• Prompt
An exact copy of every entry is needed, with the images left out.

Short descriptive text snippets
-=-=-
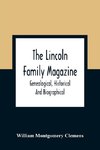 The Lincoln Family Magazine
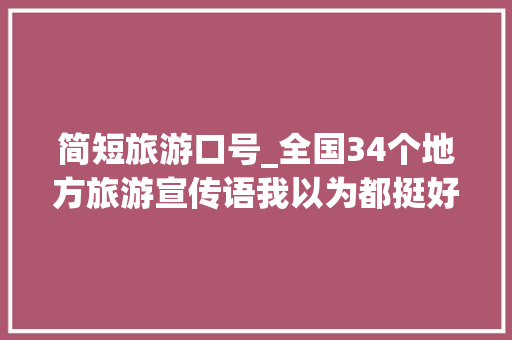 简短旅游口号_全国34个地方旅游宣传语我以为都挺好 致辞范文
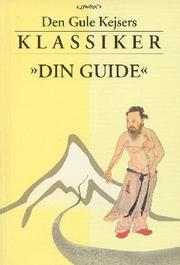 Cover of: Den Gule Kejsers Klassiker - din guide: Komplet opslagsværk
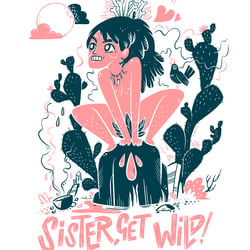 Sister, Get wild!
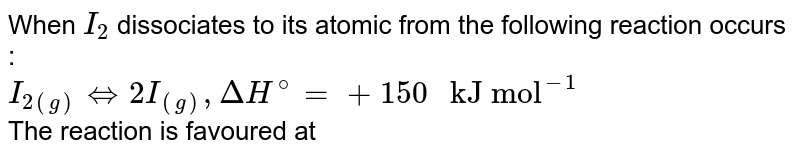 When `I_(2)` dissociates to its atomic from the following reaction occurs : <br> `I_(2(g))hArr2I_((g)),DeltaH^(@)=+150" kJ mol"^(-1)` <br> The reaction is favoured at 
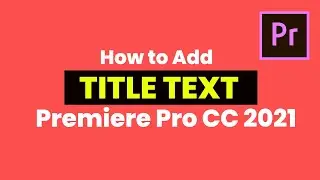 How to Add Title Text in Premiere Pro (CC 2021) Tutorial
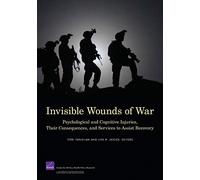 Invisible Wounds of War: Psychological and Cognitive Injuries, Their Consequences, and Services to Assist Recovery (2008)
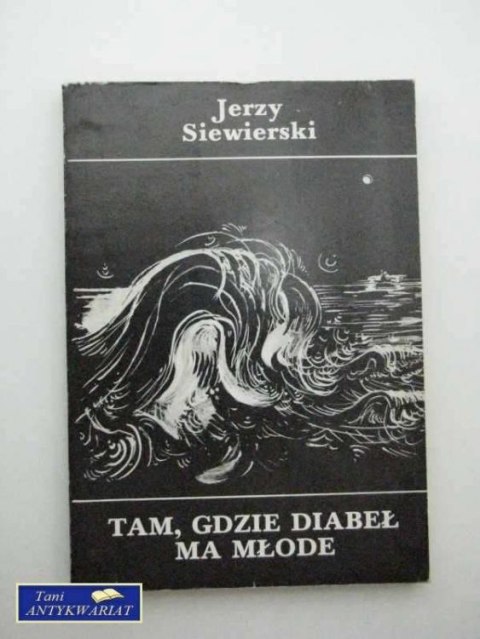 TAM, GDZIE DIABEŁ MA MŁODE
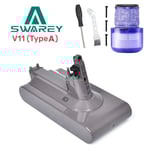 SWAREY-batteri för Dyson V11-serien 6000mAh Li-ion 25,2V med 2 postfilterelement och 1 borste och skruvmejsel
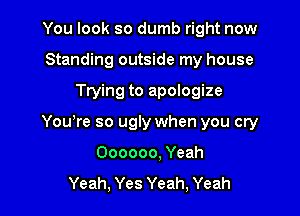 You look so dumb right now
Standing outside my house

Trying to apologize

Yowre so ugly when you cry

Oooooo, Yeah
Yeah, Yes Yeah, Yeah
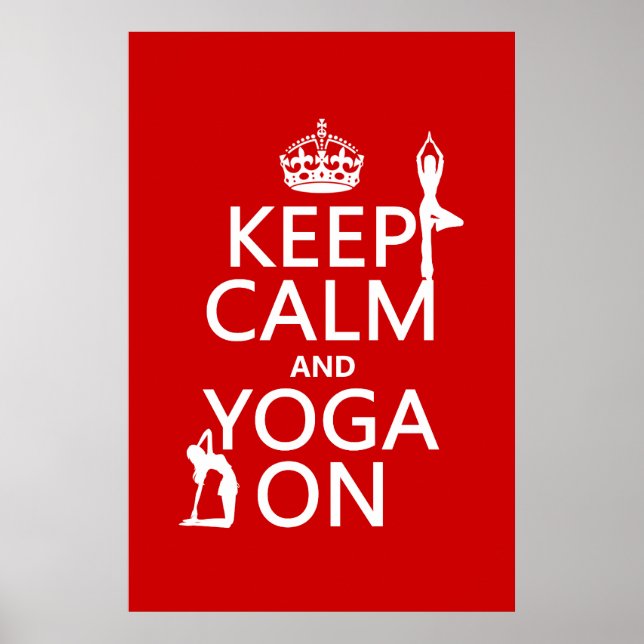 Keep Calm and Yoga On (customise colours) Poster (Front)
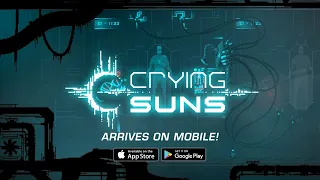 Crying Suns arrives on Mobile - Announcement trailer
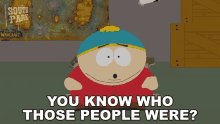 You Know Who Those People Were Eric Cartman GIF - You Know Who Those People Were Eric Cartman South Park GIFs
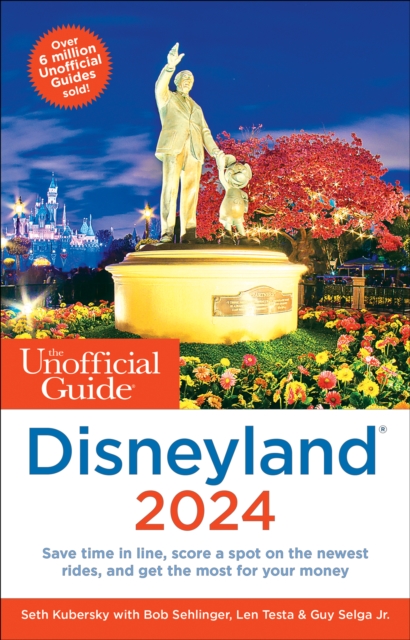 The Unofficial Guide to Disneyland 2024, Paperback / softback Book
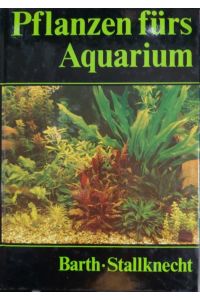 Pflanzen fürs Aquarium  - Haltung und Vermehrung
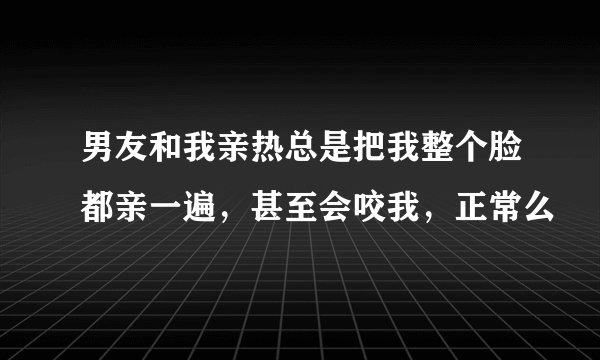 男友和我亲热总是把我整个脸都亲一遍，甚至会咬我，正常么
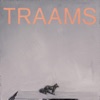 TRAAMS - Gimme Gimme Gimme Gimme (Love)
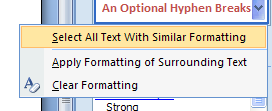Then click either Select All Text With Similar Formatting or Clear Formatting.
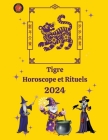 Tigre Horoscope et Rituels 2024 Cover Image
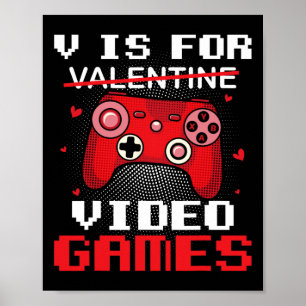 Affiche V Est Pour Valentine Video Gamer Valentines Pour E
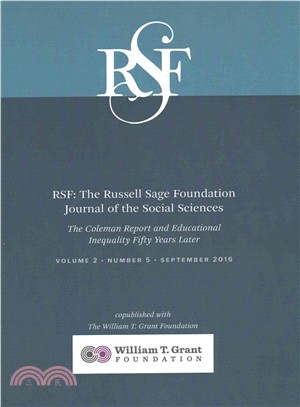 The Russell Sage Foundation Journal of the Social Sciences ― The Coleman Report and Educational Inequality Fifty Years Later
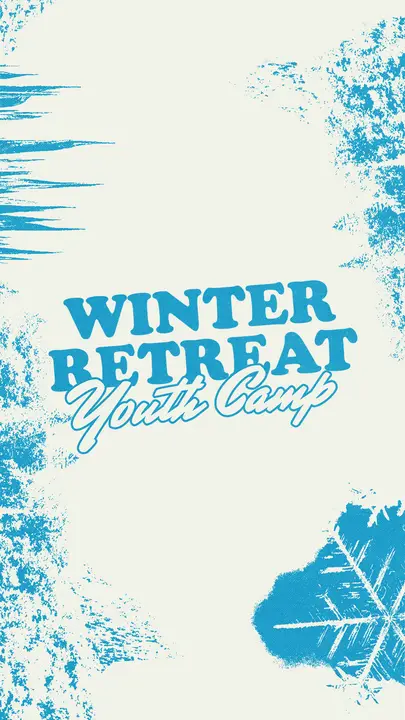 Winter Retreat Youth Camp: story
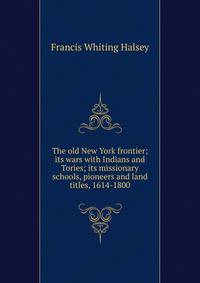The old New York frontier; its wars with Indians and Tories; its missionary schools, pioneers and land titles, 1614-1800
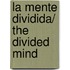 La mente dividida/ The Divided Mind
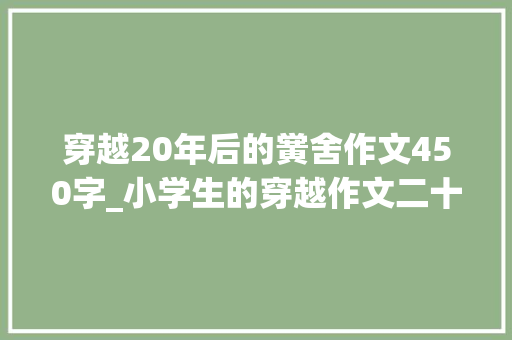 穿越20年后的黉舍作文450字_小学生的穿越作文二十年后的家乡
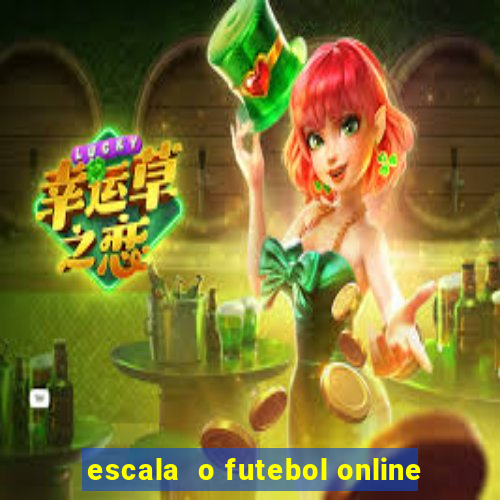 escala  o futebol online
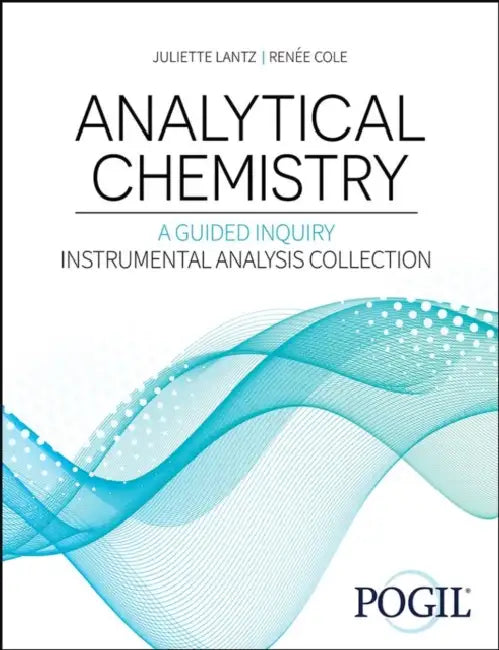Analytical Chemistry: A Guided Inquiry Approach Instrumental Analysis Collection by Pogil Project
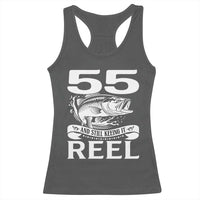 Still Keeping It Reel At 55 Racerback Tank Top Fisherman Birthday Gift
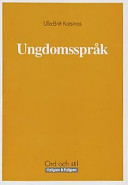 Ungdomsspråk; Ulla-Britt Kotsinas; 1996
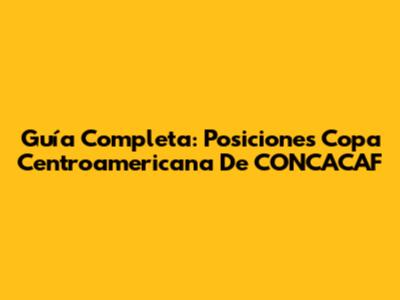 Guía Completa: Posiciones Copa Centroamericana De CONCACAF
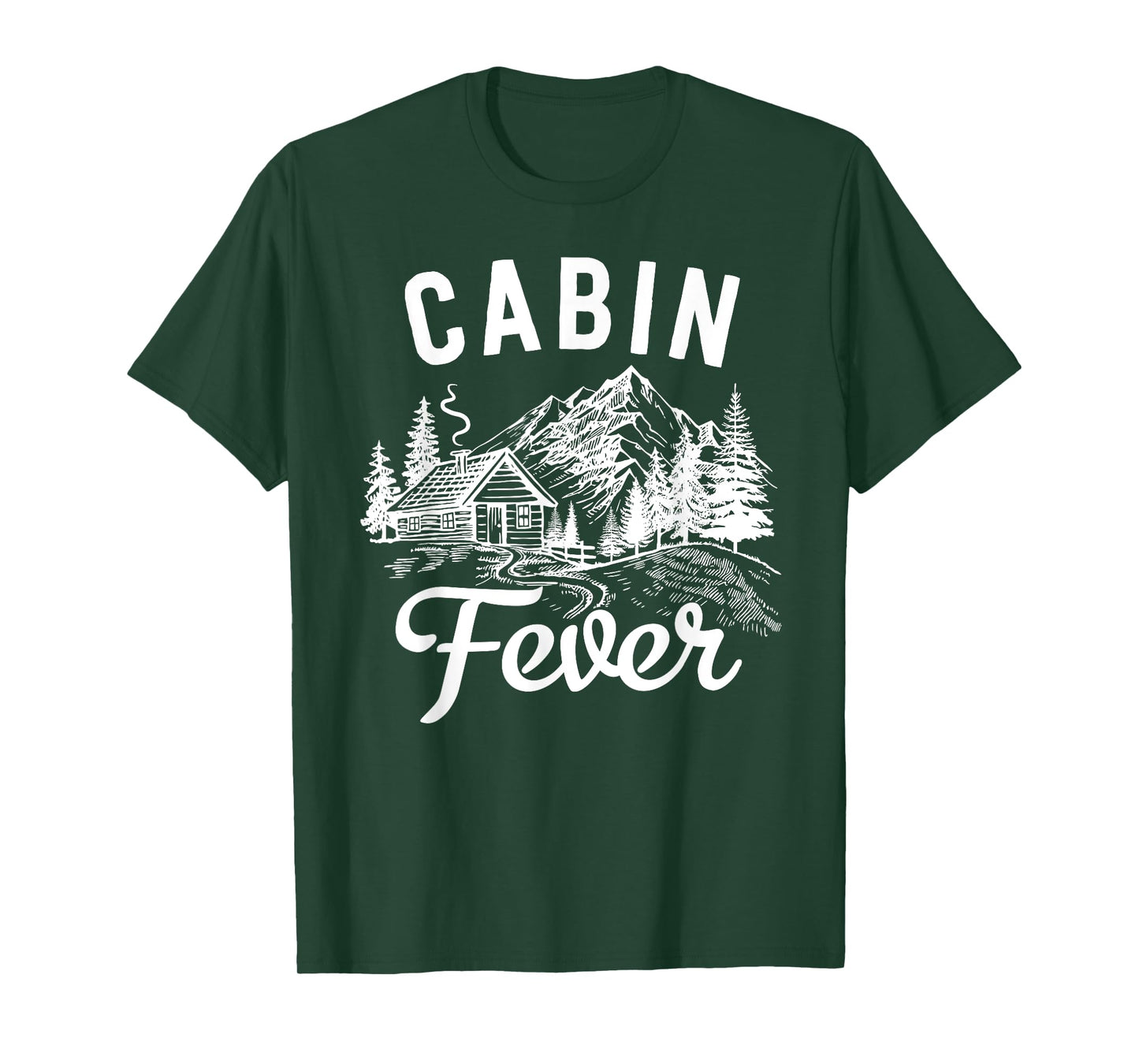 Nature & Outdoor Lover T-Shirt - Cabin Fever T-Shirt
-=-=-
• Response area
 The Lincoln Family Magazine
 简短旅游口号_全国34个地方旅游宣传语我以为都挺好 致辞范文
 Cover of: Den Gule Kejsers Klassiker - din guide: Komplet opslagsværk
 Sister, Get wild!
 When `I_(2)` dissociates to its atomic from the following reaction occurs : <br> `I_(2(g))hArr2I_((g)),DeltaH^(@)=+150" kJ mol"^(-1)` <br> The reaction is favoured at 
 How to Add Title Text in Premiere Pro (CC 2021) Tutorial
 Invisible Wounds of War: Psychological and Cognitive Injuries, Their Consequences, and Services to Assist Recovery (2008)
 TAM, GDZIE DIABEŁ MA MŁODE
 SWAREY-batteri för Dyson V11-serien 6000mAh Li-ion 25,2V med 2 postfilterelement och 1 borste och skruvmejsel
 You look so dumb right now
Standing outside my house

Trying to apologize

Yowre so ugly when you cry

Oooooo, Yeah
Yeah, Yes Yeah, Yeah
 Keep Calm and Yoga On (customise colours) Poster (Front)
 Crying Suns arrives on Mobile - Announcement trailer
 You Know Who Those People Were Eric Cartman GIF - You Know Who Those People Were Eric Cartman South Park GIFs
 The Unofficial Guide to Disneyland 2024, Paperback / softback Book
 Pflanzen fürs Aquarium  - Haltung und Vermehrung
 男友和我亲热总是把我整个脸都亲一遍，甚至会咬我，正常么
 TRAAMS - Gimme Gimme Gimme Gimme (Love)
Then click either Select All Text With Similar Formatting or Clear Formatting.
 Tigre Horoscope et Rituels 2024 Cover Image
 Affiche V Est Pour Valentine Video Gamer Valentines Pour E
 The Russell Sage Foundation Journal of the Social Sciences ― The Coleman Report and Educational Inequality Fifty Years Later
 Winter Retreat Youth Camp: story
The old New York frontier; its wars with Indians and Tories; its missionary schools, pioneers and land titles, 1614-1800
 La mente dividida/ The Divided Mind
 穿越20年后的黉舍作文450字_小学生的穿越作文二十年后的家乡
 escala  o futebol online
Analytical Chemistry: A Guided Inquiry Approach Instrumental Analysis Collection by Pogil Project
 Still Keeping It Reel At 55 Racerback Tank Top Fisherman Birthday Gift
 Ungdomsspråk; Ulla-Britt Kotsinas; 1996
 Guía Completa: Posiciones Copa Centroamericana De CONCACAF
 Nature & Outdoor Lover T-Shirt - Cabin Fever T-Shirt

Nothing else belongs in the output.